Tony Clement
- Born: Anthony Clement 8 February 1967 (age 59) Morriston, Swansea, Wales
- Height: 5 ft 10 in (1.78 m)
- Weight: 13 st 10 lb (87 kg)

Rugby union career
- Position(s): Fullback, Flyhalf.

Amateur team(s)
- Years: Team / Apps / (Points)
- 1985-1999: Swansea RFC / 248 / (327)
- 1987-1993: Barbarian F.C. / 4 / (0)

International career
- Years: Team / Apps / (Points)
- 1987–1995: Wales / 37 / (38)
- 1989,1993: British & Irish Lions / 9 / (18)

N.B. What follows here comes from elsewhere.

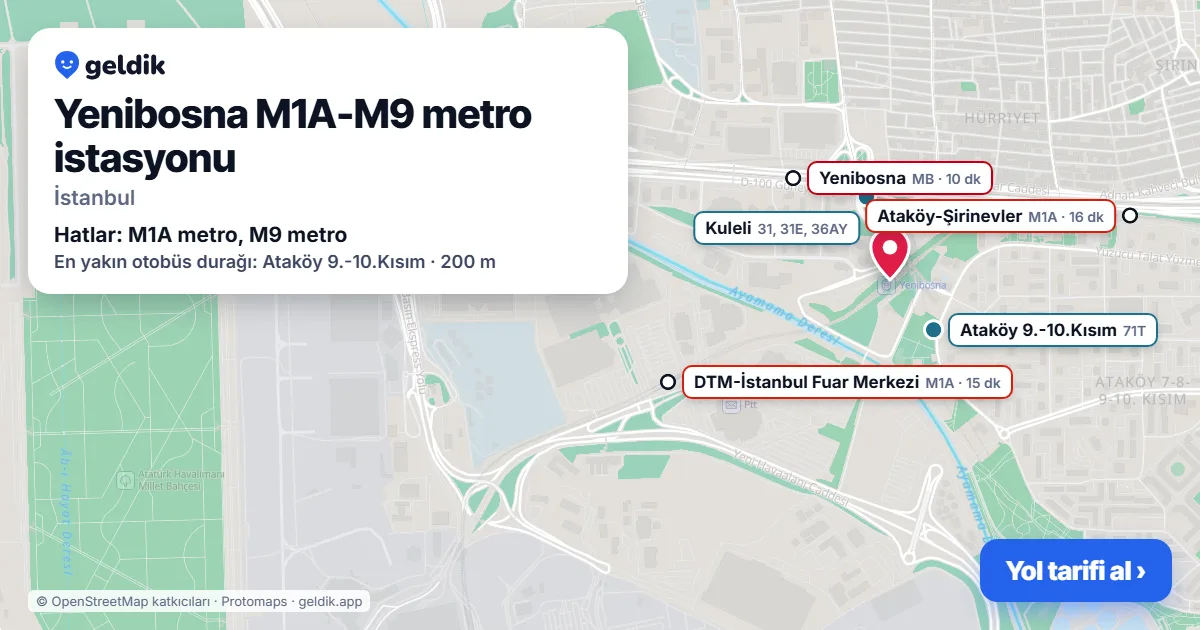 Yenibosna M1A-M9 metro istasyonu haritada: konumu, yakındaki istasyonlar ve otobüs durakları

= Tony Clement (rugby union) =

British Lions & Wales international rugby union footballer

Tony Clement (born Morriston, 8 February 1967) is a former Welsh international rugby union player. He played as a fullback and was awarded 37 caps for Wales, scoring 7 tries and a drop goal. He played at the 1991 Rugby World Cup finals and at the 1995 Rugby World Cup finals. Tony represented the British & Irish lions in 1989, touring to Australia. In 1993 he toured New Zealand with the British Lions, scoring £ tries and a drop goal for the Lions. At the time played club rugby for Swansea RFC. Clement played 248 games for Swansea scoring 62 tries.

Tony Clement spent his entire playing career with his club, Swansea. He then went on to become head coach of the club, along with Keith Colclough.

Tony was formerly Wales under 20s team manager.